Most leaks occur in the toilets. Toilet tank leaks typically result from worn parts or misalignment of some part of the flushing mechanism. Toilets usually leak at the bottom of the tank around the flapper plug or at the top of the tank at the overflow tube. To test the flapper plug, carefully remove the lid from the toilet tank and mark the water level in each toilet tank with a pencil. Shut off the water supply to the toilet. If the water remains on the mark you made for at least 10 minutes, the flapper plug is not leaking. If the water level drops below the mark you made, the flapper plug is leaking and should be replaced. If the water level in the toilet tank is at the top of the overflow tube, the water may run continuously. The float that controls the water level in the tank should be adjusted so that the water level in the tank is at least 1 inch below the top of the tube. The second most common leak is between the meter and the house. If you have galvanized steel or PVC plumbing it is usually best to replace this line. Most repairs can be done by an experienced "do-it-yourselfer." If you are not sure you can handle the job, call a plumber. It is important to stop leaks.
Your help in keeping a clear path to and around the water meter will help us control our costs and make for a safer working environment for the people reading and maintaining the water service. The Board of Commissioners has passed a resolution and failure to provide direct access will now result in the following. That a charge of $300.00 will be added to all accounts that do not provide direct access to the meter from the right of way when needed. This charge will also apply to any items that are preventing access to the meter, which includes but is not limited to vehicles and debris. If inaccessibility is during BI-monthly meter reading, water usage shall be estimated according to average historical usage for that billing period.

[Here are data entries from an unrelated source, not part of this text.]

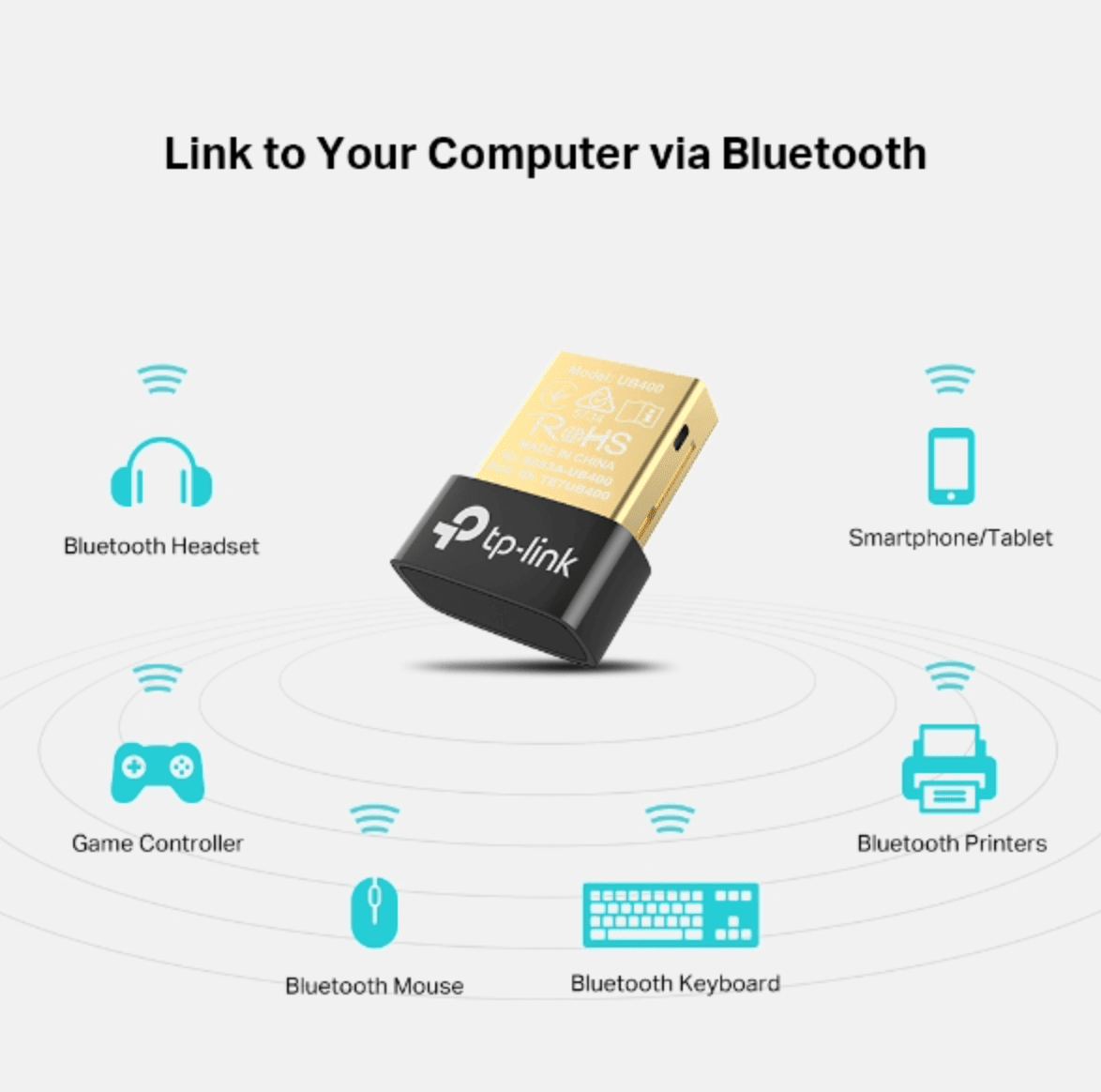 Adaptador Bluetooth PC TP-Link UB4002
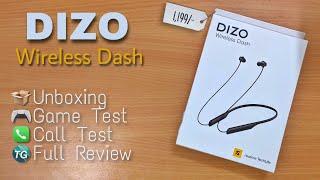 DIZO Wireless Dash | Best Budget Neckband Unboxing & Full review 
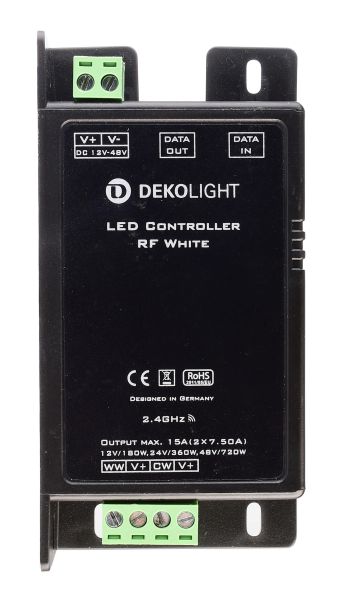 Deko-Light 843065 , Niedervolt RF Dimmer (CV, DC), RF White, Spannungskonstant, Dimmbar:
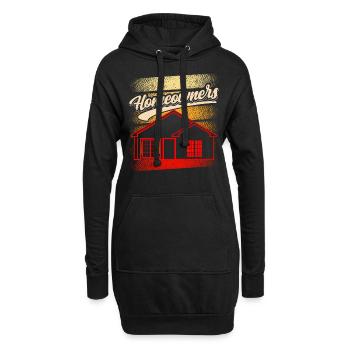 Hauseigentümer Hausbesitzer Haus Hausherr - Hoodie-Kleid - Schwarz - Vorne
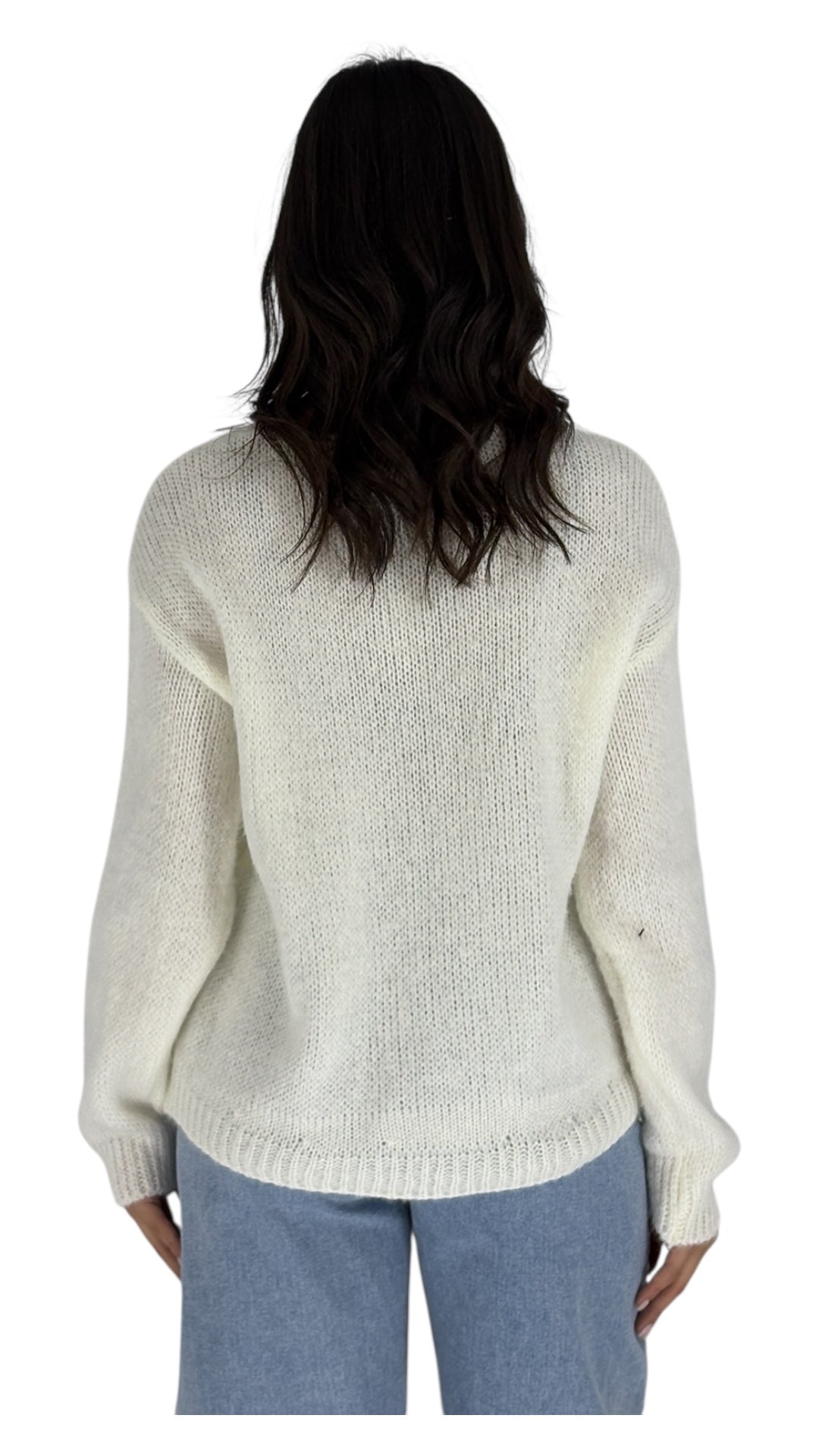 June White Sweater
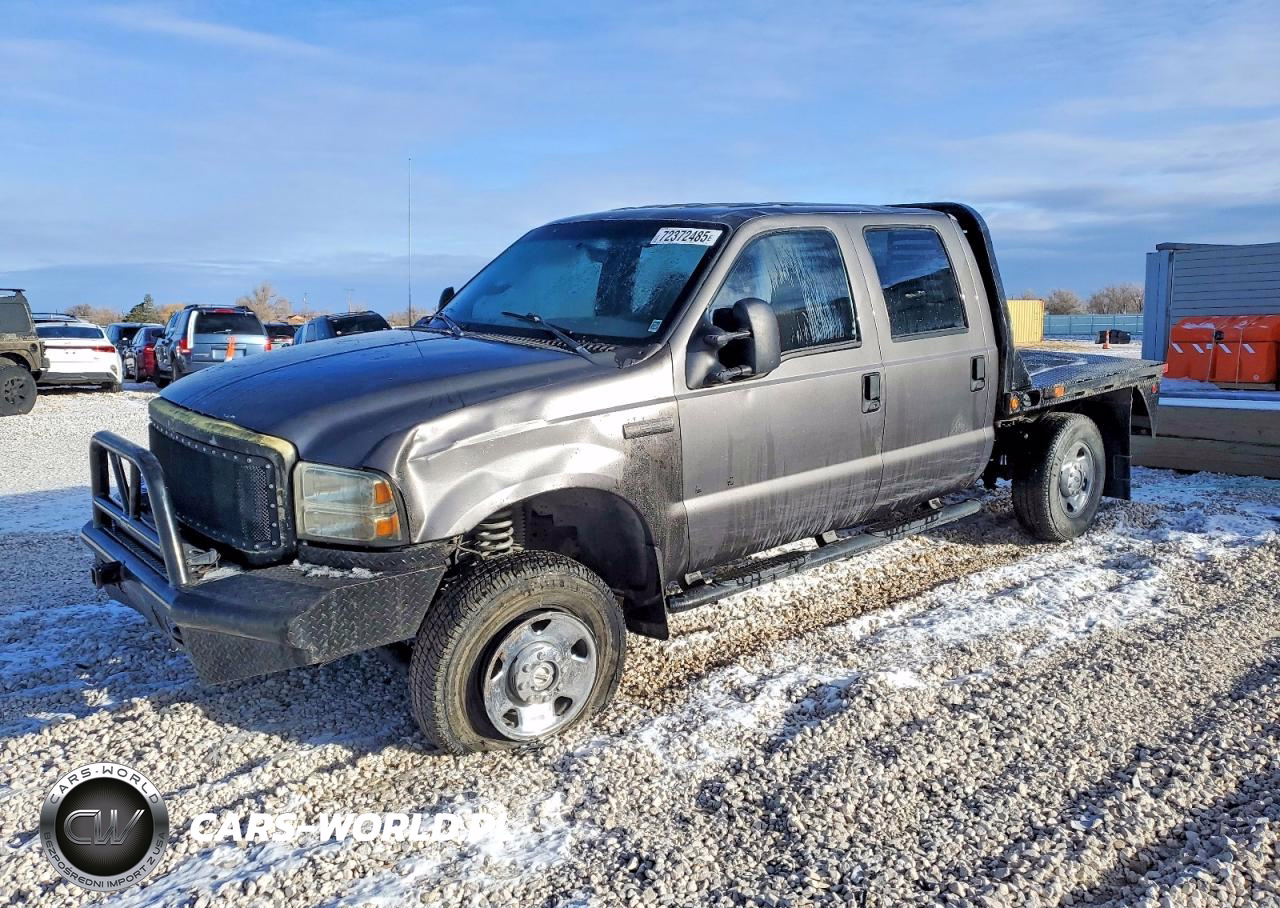 2006 Ford F250 Super Duty Flatbed Truck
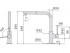 Смеситель Falmec TREVI CORNER CHROME Смеситель Falmec TREVI CORNER CHROME
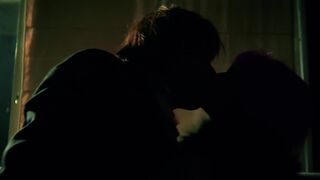 Rebecca Ferguson - Cold Night (2020) celeb topless boobs scene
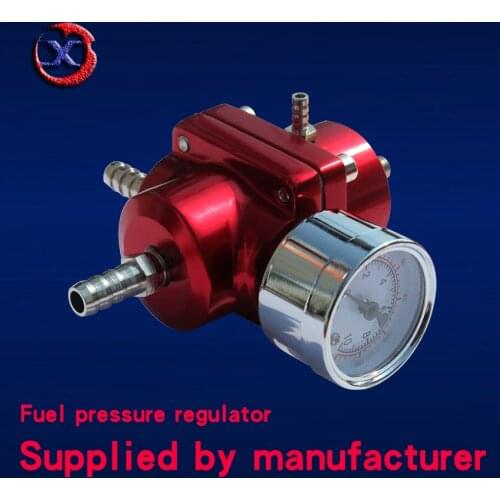 Aluminum Adjustable Fuel Pressure Regulator FPR -002 Oil Gauge+Hose Kit Universal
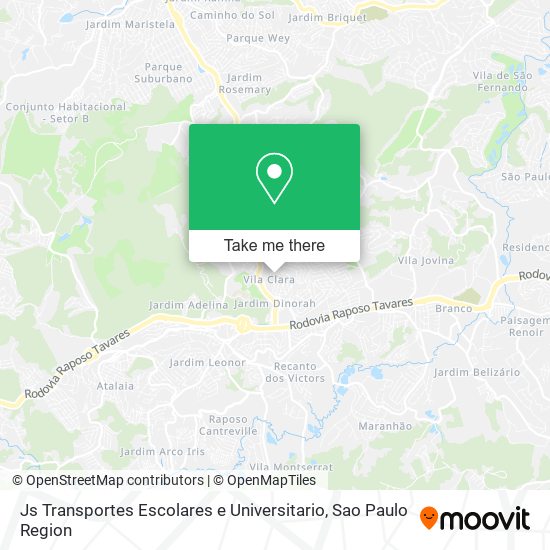 Js Transportes Escolares e Universitario map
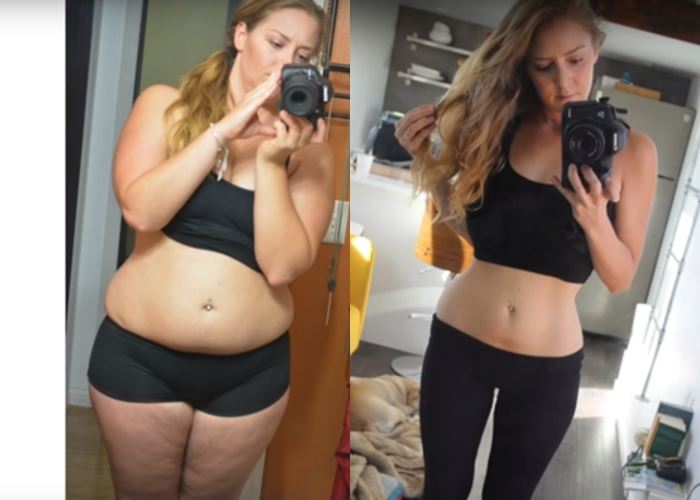 5 девушек, которые похудели на 30-100 кг - Ханна – похудела на 30 кг - фото до и после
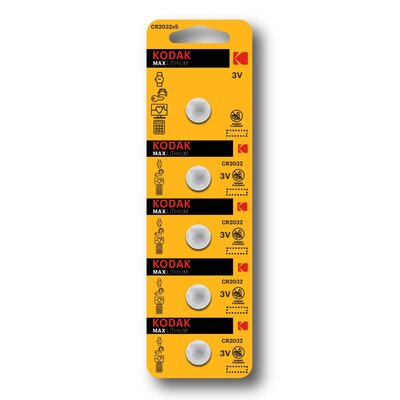 Baterie CR2032 KODAK Max Lithium (5 szt.)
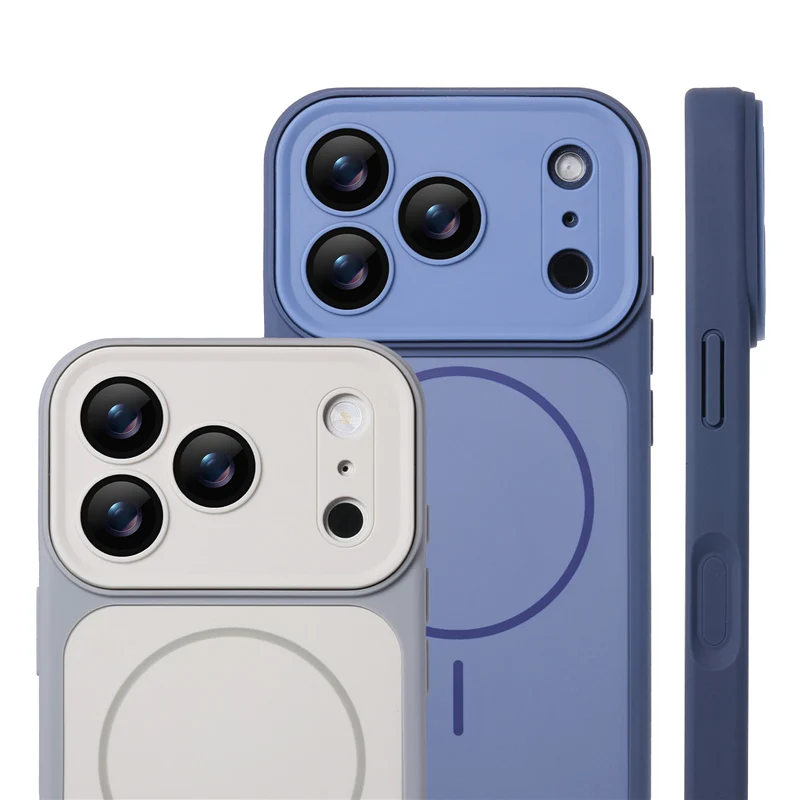 

Original For Magsafe Matte Lens Protection Case For iPhone 17Pro 16 16Pro 17Pro Max Hit Color Magnetic Wireless Charger Cover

During the rainy and cloudy months reading meters becomes very difficult. Trees and bushes that hang over the meter block access and limit visibility. Plants located near the meter sometimes cover the meter and make for unsafe conditions. Some of these plants are of great value to the owner and their placement should be reconsidered in case access or trimming is needed. Dense hedges need to have pass through access from the right of way, no longer will the District enter on or around private property.
This policy is also beneficial to the customer, as better access allows quicker shutoff during an emergency situation.
For your information rather than wrestle with pliers or a wrench, plumbing and hardware stores sell T-handle shutoff wrenches for around $10.00.